I don't understand how the solutions manual determines which bonds to break and form. For this problem, 1 mol of C=C bonds and 1 mol of O-H bonds are broken and 1 mol of C-C bonds, 1 mol of C-O bonds, and 1 mol C-H bonds are formed. However, aren't there more bonds that are broken and formed than what is listed? Can someone please explain?

[Jessica Lutz 2E]

Drawing the lewis structures of the reactants and product helped me understand this one. When you do this, you can see more clearly that, though there are a lot of bond within each of the reactants, not all of them are broken to create the product. Looking at the lewis structure you can see the bonds that had to be broken and created to make the product and you can just add those together.
I believe that if you added the bond enthalpies of every bond in all the reactants and products you will get the same answer because the bonds that were not changed would cancel out, but that would be a lot more work.

[Lucian1F]

Definitely draw out the lewis structures! It will help tremendously and if you dont it is very likely you will miss at least one bond.

[PeterTran1C]

You can calculate all the bonds in both the reactants and the products and compare the difference, then calculate the bond ethalpies based off your findings.

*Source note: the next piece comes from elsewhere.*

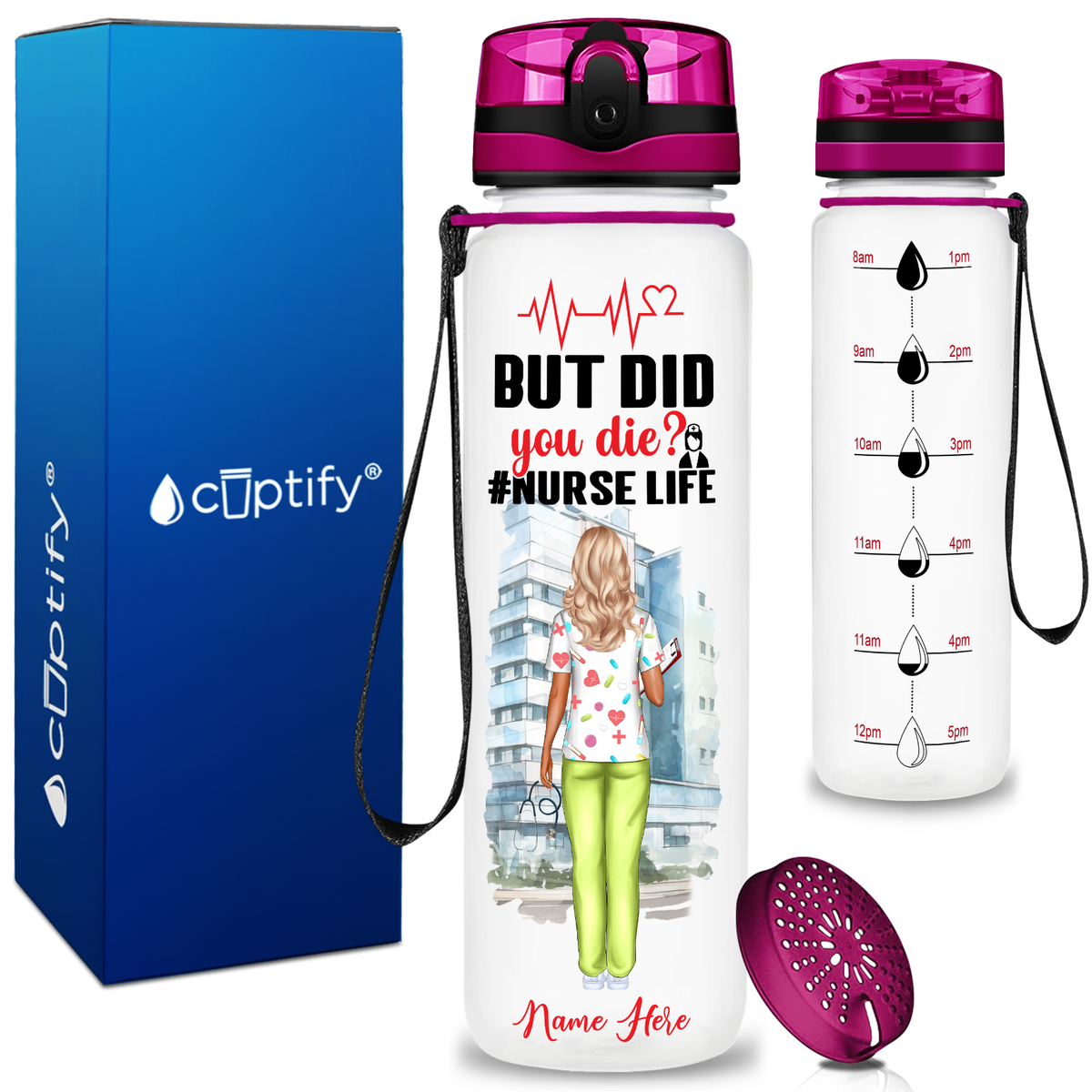 Personalized But Did You Die #NurseLife 32oz Motivational Tritan Tracking Water Bottle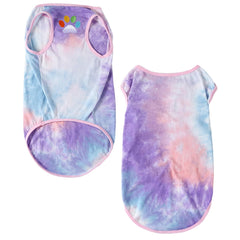 PriPre tie-dye dog shirt side view highlights elastic hem for easy on/off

For example: CH₄ (g) + Cl₂ (g) ----> CH₃Cl (g) + HCl (s)

Reactants: C-H = 4 ; Cl-Cl = 1
Products: C-H = 3 ; C-Cl = 1 ; Cl-H = 1

(After you account for the differences in the bonds, you can collect the bonds that will appear in the bond enthalpy formula)

Reactants: C-H = 1 ; Cl-Cl = 1
Products: C-Cl = 1 ; Cl-H = 1

_rxn = (412+242)-(338+431) = -115 kJmol^-1 (the values for these bond enthalpies are found in the textbook)